Serum proteomics reveals hemophagocytic lymphohistiocytosis-like phenotype in a subset of patients with multisystem inflammatory syndrome in children
Clinical Immunology, 2024
Tulling A., Holierhoek M., Jansen-Hoogendijk A., Hoste L., Haerynck F., Tavernier S., Oostenbrink R., Buysse C., Bannier M., Bekhof J., Breukels M., Hammer S., Jacobs M., Kamps A., van der Linden J., Lebon A., Oudshoorn J., Tramper-Stranders G., Vastert S., Wieringa J., Terheggen-Lagro S., Wildenbeest J., von Asmuth E., van den Akker E., van Gijn M., Lugthart G., Buddingh E.

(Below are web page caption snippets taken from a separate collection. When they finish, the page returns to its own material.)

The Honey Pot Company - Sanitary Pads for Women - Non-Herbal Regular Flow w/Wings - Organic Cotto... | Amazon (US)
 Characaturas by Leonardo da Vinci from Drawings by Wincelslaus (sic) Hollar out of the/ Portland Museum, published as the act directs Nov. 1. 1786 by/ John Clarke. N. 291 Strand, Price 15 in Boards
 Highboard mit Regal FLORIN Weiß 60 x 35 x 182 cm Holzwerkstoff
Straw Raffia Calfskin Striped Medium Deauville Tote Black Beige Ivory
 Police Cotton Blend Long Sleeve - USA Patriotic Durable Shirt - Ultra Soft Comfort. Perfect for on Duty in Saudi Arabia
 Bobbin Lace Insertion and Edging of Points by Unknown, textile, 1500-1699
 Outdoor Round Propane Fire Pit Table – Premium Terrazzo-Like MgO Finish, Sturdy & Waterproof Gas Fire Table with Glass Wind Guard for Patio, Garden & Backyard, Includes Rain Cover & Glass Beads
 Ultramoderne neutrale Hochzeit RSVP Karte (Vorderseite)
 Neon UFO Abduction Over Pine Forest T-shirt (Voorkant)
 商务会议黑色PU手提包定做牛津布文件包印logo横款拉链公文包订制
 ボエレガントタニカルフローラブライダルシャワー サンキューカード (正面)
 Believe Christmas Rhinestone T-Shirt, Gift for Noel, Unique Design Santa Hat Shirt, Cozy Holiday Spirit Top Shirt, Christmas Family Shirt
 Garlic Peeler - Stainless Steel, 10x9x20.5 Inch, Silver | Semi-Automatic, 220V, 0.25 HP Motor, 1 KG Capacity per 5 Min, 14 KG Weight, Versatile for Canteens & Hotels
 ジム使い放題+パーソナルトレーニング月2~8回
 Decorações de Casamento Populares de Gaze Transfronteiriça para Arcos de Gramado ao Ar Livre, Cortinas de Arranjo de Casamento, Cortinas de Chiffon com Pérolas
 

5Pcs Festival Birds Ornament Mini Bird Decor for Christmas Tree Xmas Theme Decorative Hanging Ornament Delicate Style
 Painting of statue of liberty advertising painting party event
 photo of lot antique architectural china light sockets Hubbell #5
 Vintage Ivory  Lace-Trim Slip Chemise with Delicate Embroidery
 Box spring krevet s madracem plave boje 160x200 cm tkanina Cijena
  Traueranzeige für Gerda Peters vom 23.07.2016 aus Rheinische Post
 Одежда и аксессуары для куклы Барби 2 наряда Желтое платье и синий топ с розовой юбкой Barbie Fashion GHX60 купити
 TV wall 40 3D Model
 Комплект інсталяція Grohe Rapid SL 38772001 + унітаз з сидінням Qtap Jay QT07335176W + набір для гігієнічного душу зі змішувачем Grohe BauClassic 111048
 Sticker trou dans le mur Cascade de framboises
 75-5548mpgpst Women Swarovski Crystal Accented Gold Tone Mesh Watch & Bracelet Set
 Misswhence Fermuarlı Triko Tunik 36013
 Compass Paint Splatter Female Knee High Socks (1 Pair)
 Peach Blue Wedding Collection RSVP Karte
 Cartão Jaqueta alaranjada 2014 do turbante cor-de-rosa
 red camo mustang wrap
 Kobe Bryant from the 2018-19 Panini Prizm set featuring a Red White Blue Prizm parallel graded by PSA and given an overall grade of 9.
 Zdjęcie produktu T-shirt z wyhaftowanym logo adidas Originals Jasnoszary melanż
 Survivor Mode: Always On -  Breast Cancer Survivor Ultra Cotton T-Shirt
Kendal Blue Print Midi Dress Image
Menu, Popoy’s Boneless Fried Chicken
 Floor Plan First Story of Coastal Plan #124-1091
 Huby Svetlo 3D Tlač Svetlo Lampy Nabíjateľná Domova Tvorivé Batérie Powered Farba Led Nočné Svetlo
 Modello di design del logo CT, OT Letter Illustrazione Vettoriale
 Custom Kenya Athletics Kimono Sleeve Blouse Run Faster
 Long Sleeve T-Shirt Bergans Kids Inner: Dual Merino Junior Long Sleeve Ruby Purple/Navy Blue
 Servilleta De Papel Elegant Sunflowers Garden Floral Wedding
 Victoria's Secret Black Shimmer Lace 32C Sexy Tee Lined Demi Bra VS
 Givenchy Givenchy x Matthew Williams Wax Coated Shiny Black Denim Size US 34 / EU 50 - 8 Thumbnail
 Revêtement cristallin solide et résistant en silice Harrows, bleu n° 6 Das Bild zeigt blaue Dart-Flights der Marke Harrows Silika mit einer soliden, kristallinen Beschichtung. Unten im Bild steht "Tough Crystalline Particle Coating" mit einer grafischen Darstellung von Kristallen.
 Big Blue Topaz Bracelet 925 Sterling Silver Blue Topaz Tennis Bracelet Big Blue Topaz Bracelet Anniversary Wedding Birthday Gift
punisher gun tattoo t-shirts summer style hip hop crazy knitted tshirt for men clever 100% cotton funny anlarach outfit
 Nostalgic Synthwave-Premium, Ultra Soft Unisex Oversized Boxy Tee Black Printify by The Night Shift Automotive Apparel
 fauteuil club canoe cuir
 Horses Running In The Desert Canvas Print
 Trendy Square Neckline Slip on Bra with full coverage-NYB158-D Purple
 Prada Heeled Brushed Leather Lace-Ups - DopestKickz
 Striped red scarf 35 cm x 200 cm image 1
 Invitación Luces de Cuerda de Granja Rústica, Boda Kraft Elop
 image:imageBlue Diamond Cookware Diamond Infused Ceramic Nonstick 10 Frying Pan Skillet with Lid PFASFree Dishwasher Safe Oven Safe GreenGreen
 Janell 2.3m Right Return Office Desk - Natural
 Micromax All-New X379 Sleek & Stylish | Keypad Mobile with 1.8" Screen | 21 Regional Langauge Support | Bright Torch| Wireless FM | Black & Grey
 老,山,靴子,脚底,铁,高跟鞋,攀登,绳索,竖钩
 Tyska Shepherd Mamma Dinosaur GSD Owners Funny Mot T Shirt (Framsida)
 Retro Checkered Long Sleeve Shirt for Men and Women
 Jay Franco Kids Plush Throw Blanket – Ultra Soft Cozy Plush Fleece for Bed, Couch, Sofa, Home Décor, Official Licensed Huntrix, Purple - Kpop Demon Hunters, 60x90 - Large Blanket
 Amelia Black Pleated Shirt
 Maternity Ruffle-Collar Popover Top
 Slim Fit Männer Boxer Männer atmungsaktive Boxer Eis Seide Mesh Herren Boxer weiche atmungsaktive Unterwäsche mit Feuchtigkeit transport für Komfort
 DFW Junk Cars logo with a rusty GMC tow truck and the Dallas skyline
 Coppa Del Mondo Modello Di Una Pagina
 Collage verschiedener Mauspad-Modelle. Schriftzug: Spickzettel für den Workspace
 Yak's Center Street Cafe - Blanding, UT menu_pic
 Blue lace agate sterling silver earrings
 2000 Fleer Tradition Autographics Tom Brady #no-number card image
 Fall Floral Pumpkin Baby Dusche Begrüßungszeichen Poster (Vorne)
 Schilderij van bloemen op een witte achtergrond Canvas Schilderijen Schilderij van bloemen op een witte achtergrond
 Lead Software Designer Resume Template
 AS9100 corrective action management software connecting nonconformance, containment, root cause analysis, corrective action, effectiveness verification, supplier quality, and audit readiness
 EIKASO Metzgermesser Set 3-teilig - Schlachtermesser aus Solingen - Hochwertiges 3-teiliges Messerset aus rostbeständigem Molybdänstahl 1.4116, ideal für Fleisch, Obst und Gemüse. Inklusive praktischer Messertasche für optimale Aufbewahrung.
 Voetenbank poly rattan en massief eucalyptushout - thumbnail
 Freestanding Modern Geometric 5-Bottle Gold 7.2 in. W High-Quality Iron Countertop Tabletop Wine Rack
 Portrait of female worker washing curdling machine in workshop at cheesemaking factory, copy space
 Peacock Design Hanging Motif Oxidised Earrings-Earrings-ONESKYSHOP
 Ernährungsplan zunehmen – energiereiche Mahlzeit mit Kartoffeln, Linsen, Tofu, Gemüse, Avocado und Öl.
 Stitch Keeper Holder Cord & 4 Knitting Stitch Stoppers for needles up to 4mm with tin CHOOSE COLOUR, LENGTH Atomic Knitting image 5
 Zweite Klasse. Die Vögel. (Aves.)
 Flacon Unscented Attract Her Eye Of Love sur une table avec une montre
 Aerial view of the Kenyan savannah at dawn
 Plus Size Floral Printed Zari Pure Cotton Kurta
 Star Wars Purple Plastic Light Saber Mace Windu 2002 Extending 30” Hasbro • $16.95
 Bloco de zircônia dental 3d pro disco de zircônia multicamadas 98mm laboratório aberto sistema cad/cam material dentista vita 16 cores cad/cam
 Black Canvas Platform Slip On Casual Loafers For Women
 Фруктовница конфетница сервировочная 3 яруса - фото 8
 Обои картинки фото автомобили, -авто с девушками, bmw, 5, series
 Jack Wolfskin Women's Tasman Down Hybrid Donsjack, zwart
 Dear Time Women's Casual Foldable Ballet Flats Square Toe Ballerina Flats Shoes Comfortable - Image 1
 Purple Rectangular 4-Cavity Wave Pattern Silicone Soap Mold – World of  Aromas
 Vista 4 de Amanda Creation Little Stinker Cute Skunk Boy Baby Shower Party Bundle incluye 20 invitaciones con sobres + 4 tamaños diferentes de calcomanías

Disease area | Application area | Sample type | Products |
---|---|---|---|
Immunological & Inflammatory Diseases Infectious Diseases | Pathophysiology Patient Stratification | Serum | Olink Explore 3072/384 |
Abstract
Children with Multisystem Inflammatory Syndrome in Children (MIS-C) can present with thrombocytopenia, which is a key feature of hemophagocytic lymphohistiocytosis (HLH). We hypothesized that thrombocytopenic MIS-C patients have more features of HLH. Clinical characteristics and routine laboratory parameters were collected from 228 MIS-C patients, of whom 85 (37%) were thrombocytopenic. Thrombocytopenic patients had increased ferritin levels; reduced leukocyte subsets; and elevated levels of ASAT and ALAT. Soluble IL-2RA was higher in thrombocytopenic children than in non-thrombocytopenic children. T-cell activation, TNF-alpha and IFN-gamma signaling markers were inversely correlated with thrombocyte levels, consistent with a more pronounced cytokine storm syndrome. Thrombocytopenia was not associated with severity of MIS-C and no pathogenic variants were identified in HLH-related genes. This suggests that thrombocytopenia in MIS-C is not a feature of a more severe disease phenotype, but the consequence of a distinct hyperinflammatory immunopathological process in a subset of children.